Exercise materials |

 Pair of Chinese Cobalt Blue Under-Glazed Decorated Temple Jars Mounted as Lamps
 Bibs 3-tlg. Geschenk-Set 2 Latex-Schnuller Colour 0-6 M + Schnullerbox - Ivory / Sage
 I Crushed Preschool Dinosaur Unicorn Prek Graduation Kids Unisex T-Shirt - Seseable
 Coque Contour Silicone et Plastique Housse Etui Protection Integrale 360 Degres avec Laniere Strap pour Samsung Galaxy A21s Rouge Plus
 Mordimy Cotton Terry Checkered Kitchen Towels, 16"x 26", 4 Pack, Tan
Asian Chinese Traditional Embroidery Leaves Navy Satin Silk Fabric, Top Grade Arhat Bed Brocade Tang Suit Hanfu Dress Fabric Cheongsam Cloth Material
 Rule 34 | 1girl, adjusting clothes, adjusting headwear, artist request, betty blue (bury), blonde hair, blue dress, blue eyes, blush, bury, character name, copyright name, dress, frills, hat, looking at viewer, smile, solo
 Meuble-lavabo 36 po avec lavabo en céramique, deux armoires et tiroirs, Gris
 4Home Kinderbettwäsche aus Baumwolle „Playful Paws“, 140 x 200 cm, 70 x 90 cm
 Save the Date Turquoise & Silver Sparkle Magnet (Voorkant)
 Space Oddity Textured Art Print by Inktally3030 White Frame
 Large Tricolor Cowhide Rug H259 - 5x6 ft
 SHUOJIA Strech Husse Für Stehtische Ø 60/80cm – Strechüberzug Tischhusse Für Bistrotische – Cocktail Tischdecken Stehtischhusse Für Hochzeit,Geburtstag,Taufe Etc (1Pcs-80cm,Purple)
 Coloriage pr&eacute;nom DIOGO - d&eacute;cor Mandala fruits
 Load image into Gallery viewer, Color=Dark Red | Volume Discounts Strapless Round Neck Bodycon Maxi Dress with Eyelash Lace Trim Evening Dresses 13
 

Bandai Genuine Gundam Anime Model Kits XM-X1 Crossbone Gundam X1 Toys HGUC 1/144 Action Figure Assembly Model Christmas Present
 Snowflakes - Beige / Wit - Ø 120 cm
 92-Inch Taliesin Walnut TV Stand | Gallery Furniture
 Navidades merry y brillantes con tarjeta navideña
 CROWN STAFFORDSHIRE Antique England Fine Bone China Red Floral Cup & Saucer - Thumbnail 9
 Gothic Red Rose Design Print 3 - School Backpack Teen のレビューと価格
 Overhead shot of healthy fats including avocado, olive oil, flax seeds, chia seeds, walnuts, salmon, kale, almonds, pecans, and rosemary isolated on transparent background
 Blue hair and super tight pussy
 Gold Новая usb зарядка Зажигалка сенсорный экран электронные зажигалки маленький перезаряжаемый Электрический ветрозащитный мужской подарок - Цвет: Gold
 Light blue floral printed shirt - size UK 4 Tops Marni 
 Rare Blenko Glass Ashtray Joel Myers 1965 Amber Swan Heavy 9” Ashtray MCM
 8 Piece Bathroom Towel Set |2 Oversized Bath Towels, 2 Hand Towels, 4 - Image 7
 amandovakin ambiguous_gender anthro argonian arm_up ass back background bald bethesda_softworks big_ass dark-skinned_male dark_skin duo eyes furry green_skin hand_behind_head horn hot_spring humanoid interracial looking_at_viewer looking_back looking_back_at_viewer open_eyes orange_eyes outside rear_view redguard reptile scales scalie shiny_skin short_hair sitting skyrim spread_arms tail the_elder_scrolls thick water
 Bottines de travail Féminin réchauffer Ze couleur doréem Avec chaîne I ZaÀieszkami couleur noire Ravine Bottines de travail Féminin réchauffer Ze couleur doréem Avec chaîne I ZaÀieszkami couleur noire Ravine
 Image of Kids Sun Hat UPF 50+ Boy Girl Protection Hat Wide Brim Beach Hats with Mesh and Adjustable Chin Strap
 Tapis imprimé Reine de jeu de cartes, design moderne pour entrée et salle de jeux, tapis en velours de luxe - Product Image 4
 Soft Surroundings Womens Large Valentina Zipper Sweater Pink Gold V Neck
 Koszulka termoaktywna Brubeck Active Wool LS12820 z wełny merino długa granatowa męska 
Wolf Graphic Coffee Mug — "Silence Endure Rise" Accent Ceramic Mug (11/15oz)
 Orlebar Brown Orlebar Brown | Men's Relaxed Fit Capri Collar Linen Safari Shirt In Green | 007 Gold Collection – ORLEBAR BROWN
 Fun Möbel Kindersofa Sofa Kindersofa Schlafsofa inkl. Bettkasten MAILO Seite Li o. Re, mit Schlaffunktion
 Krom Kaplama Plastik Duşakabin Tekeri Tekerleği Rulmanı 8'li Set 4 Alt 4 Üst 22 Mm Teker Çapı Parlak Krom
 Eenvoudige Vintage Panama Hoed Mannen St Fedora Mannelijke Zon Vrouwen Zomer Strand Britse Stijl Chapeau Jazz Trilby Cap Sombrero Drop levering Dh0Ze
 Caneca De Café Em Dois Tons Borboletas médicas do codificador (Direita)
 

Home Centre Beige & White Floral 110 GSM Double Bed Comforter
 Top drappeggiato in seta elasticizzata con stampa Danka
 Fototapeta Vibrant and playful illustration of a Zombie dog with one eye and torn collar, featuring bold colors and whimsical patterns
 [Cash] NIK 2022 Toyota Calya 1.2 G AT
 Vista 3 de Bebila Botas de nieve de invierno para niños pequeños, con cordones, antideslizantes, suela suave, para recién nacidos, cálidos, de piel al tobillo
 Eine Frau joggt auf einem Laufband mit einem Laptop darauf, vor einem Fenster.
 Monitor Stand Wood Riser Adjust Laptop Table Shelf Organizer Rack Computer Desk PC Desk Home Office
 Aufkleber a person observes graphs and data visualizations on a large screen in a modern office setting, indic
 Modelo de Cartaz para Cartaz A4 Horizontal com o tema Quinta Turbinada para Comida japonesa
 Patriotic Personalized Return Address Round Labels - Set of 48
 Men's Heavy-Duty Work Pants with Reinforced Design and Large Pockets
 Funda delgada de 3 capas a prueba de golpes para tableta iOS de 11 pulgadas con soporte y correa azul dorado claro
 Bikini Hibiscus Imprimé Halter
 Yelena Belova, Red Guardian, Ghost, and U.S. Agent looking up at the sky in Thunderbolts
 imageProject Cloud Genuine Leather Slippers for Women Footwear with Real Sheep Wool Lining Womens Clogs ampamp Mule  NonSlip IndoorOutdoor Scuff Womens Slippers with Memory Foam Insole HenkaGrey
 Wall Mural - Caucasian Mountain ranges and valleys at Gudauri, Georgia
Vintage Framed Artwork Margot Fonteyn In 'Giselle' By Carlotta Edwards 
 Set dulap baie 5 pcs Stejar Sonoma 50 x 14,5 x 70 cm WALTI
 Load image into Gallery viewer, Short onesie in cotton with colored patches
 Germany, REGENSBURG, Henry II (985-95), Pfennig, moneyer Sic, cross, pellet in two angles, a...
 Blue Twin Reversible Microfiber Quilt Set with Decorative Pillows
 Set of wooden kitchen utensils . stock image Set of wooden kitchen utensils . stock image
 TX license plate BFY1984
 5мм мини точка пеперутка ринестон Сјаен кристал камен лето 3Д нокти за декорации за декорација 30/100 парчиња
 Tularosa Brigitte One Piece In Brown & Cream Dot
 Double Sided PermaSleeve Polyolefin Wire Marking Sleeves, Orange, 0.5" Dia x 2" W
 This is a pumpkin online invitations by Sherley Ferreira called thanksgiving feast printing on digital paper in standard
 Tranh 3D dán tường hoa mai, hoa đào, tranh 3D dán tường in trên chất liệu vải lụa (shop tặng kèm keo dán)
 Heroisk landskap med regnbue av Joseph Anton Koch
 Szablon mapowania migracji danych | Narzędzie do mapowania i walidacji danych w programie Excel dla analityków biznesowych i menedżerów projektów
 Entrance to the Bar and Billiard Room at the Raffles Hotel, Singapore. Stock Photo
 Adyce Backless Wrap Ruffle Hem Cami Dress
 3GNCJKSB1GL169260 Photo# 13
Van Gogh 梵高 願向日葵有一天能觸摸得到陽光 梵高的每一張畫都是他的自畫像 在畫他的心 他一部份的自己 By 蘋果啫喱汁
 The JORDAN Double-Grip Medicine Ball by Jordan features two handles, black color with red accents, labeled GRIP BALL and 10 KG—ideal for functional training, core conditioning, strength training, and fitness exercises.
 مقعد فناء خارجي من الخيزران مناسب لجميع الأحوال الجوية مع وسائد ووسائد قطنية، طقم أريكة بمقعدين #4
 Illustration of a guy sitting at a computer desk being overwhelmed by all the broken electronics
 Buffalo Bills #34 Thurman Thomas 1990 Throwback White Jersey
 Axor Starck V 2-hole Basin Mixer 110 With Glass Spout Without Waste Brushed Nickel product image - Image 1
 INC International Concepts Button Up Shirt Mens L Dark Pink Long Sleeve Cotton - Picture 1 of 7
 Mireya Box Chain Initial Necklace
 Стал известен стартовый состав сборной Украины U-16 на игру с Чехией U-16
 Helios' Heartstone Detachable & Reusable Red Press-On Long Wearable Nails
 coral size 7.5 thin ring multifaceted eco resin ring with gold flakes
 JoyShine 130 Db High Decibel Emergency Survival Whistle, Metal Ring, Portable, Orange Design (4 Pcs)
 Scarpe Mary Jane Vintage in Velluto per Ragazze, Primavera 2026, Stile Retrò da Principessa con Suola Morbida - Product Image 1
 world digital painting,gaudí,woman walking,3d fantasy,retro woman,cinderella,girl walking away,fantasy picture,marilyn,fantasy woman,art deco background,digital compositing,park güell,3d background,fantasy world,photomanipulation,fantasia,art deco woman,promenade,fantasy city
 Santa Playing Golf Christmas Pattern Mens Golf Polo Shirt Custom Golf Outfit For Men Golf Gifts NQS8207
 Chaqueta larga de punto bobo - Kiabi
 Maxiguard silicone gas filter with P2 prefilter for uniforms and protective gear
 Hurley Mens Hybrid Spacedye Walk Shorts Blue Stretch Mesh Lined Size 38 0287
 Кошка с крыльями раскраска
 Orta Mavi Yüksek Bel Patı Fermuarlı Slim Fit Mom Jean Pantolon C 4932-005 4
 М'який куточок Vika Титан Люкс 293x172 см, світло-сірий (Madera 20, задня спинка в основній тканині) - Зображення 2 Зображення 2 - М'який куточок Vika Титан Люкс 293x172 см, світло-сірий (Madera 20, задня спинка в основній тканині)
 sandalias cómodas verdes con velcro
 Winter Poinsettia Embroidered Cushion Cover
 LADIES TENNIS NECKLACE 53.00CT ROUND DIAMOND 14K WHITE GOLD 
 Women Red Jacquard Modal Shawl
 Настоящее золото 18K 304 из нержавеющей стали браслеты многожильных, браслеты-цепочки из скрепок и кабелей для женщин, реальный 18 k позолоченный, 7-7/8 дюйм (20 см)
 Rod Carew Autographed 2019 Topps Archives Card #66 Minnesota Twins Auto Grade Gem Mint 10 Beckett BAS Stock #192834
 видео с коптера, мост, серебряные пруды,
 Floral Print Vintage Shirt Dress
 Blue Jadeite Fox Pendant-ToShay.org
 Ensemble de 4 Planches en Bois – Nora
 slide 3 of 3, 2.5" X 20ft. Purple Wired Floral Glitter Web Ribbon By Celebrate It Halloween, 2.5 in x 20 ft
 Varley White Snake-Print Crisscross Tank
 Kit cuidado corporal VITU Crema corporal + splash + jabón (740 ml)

Work instruction | Beginning with the line holding "Axor Starck V" and ending with the line holding "Orta Mavi Yüksek", write out the stretch of material above exactly; add no further lines.

The answer |
 Axor Starck V 2-hole Basin Mixer 110 With Glass Spout Without Waste Brushed Nickel product image - Image 1
 INC International Concepts Button Up Shirt Mens L Dark Pink Long Sleeve Cotton - Picture 1 of 7
 Mireya Box Chain Initial Necklace
 Стал известен стартовый состав сборной Украины U-16 на игру с Чехией U-16
 Helios' Heartstone Detachable & Reusable Red Press-On Long Wearable Nails
 coral size 7.5 thin ring multifaceted eco resin ring with gold flakes
 JoyShine 130 Db High Decibel Emergency Survival Whistle, Metal Ring, Portable, Orange Design (4 Pcs)
 Scarpe Mary Jane Vintage in Velluto per Ragazze, Primavera 2026, Stile Retrò da Principessa con Suola Morbida - Product Image 1
 world digital painting,gaudí,woman walking,3d fantasy,retro woman,cinderella,girl walking away,fantasy picture,marilyn,fantasy woman,art deco background,digital compositing,park güell,3d background,fantasy world,photomanipulation,fantasia,art deco woman,promenade,fantasy city
 Santa Playing Golf Christmas Pattern Mens Golf Polo Shirt Custom Golf Outfit For Men Golf Gifts NQS8207
 Chaqueta larga de punto bobo - Kiabi
 Maxiguard silicone gas filter with P2 prefilter for uniforms and protective gear
 Hurley Mens Hybrid Spacedye Walk Shorts Blue Stretch Mesh Lined Size 38 0287
 Кошка с крыльями раскраска
 Orta Mavi Yüksek Bel Patı Fermuarlı Slim Fit Mom Jean Pantolon C 4932-005 4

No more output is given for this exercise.